I get a lot of information via Facebook and e-mail about politics. All of it is biased in the direction of the beliefs I already hold. It comes in the form of requests for monetary support, requests for me to add my name to a petition to support or fight a particular piece of legislation, or attacks against those who hold an opposing view. I have grown weary of these and have begun deleting them before I even read them. I heard a TV commentator say recently that just like the internet’s ability to figure out what kinds of products we might be tempted to buy, it can figure out our religious or political bents and feed us what we are inclined to support. As a result, we are each getting more entrenched in the beliefs we already have. The extremes are getting more extreme. We are becoming a less informed citizenry rather than more informed.
This isn’t to say that I don’t sometimes add my name to a petition but it is likely to concern an issue I supported long before any of the current legislators ever came to Washington. But mostly, I ignore the stuff that used to get me riled or discouraged. I am losing my faith in the system to achieve much of anything…and I don’t blame any particular pilosophy, political party, person, or administration.

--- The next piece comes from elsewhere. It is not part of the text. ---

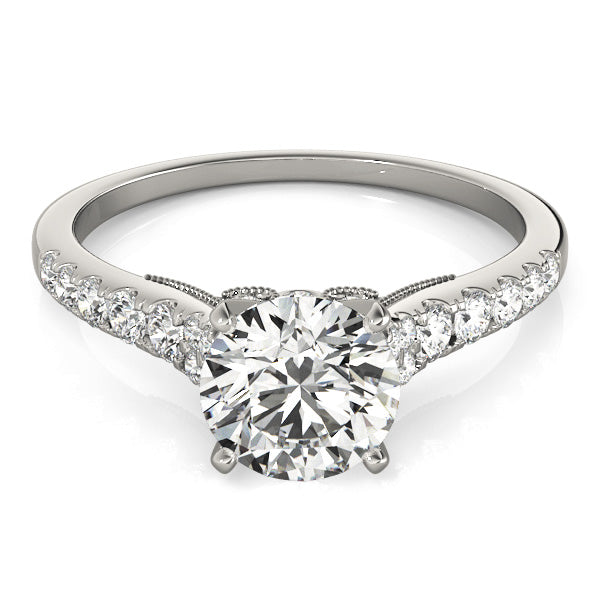 Fancy 1CT Round Lab Diamond Engagement Ring Vintage Split Shank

This morning I read a comment by Mother Teresa that helps me understand this strange place in which I find myself. Someone challenged her for speaking for peace yet not engaging in any peace organization or in any political movement. Here is the quote:
“”Whereas you work to bring about peace, why is it you do not work,’ they ask, ‘to lessen war? If you are working for peace, that peace lessens war.’ But I won’t mix in politics. War is the fruit of politics, and so I don’t involve myself, that’s all. If I get stuck in politics, I will stop loving. Because I will have to stand by one, and not by all. That is the difference.”
I am grateful to have read this little piece of wisdom this morning. It expresses where my path seems to be going.